L’unica pizza con il proiettore dentro

Pizza Obscura

Si pensa generalmente, a margine del tema alimentare, che se una pietanza fosse in se dotata di occhi vitrei, per guardare il commensale durante l’intero corso del suo pasto, sarebbero davvero in poche le persone in grado di pensare alla conversazione. Che poi è il motivo per cui normalmente, alle tavole di mezzo mondo, gli animali vengono decapitati prima di trovar la dubbia dignità della cottura. Ve la immaginate, una bistecca che vi fissa con intensità ferina?
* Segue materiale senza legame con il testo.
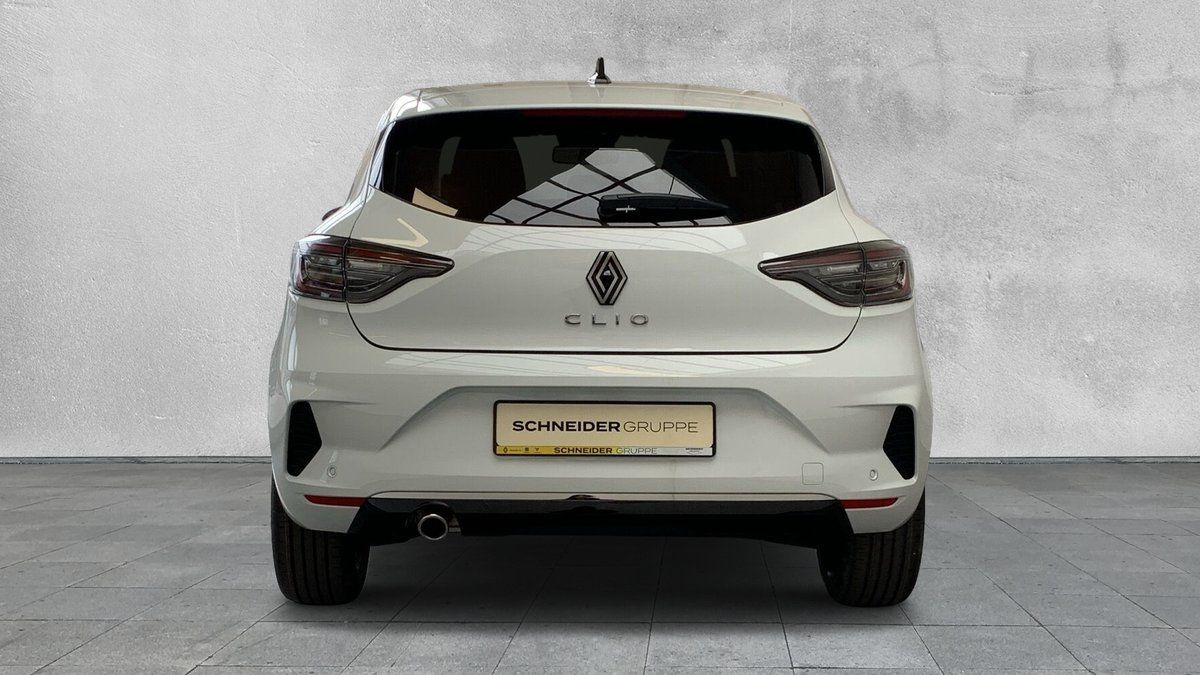 Renault Clio - Bild 4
O una lepre portata a tavola completamente intera, con tanto di coda a batuffolo per sottolinear l’essenza del suo sempiterno saltellare, lassù nei pascoli dell’aldilà? Giammai, impossibile. Fa eccezione facilmente il pesce, che come creatura è abbastanza diversa da noi mammiferi nella morfologia, e per questo meno facile a costituire la materia del problematico quanto istintivo affetto interspecie. Ma ecco nascere problemi nuovi: non più soltanto la cernia, la spigola, la vernaccia cotta sopra il fuoco, con lenti per testimoniare l’affamata spietatezza, ma a partire da codesto giorno, addirittura, cose dalle origini diverse. Puramente inanimate, in quanto tali, benché ottime al palato, e fatte fiorire in modo totalmente innaturale, da quel che era stato il grano, il pomodoro, il latte dei bovini ben cagliato: PIZZA, consegnata da un comune fattorino. Tutt’altro che normale, in se e per se, perché dotata di un foro ed una lente, gli strumenti sensoriali del vedere, tanto potenti che…Possono offrire una finestra verso mondi inaspettati, l’antico fascino delle immagini fittizie, eppure in grado di muoversi, per l’effetto di un motore giustapposto. Stiamo parlando di cinema, baby!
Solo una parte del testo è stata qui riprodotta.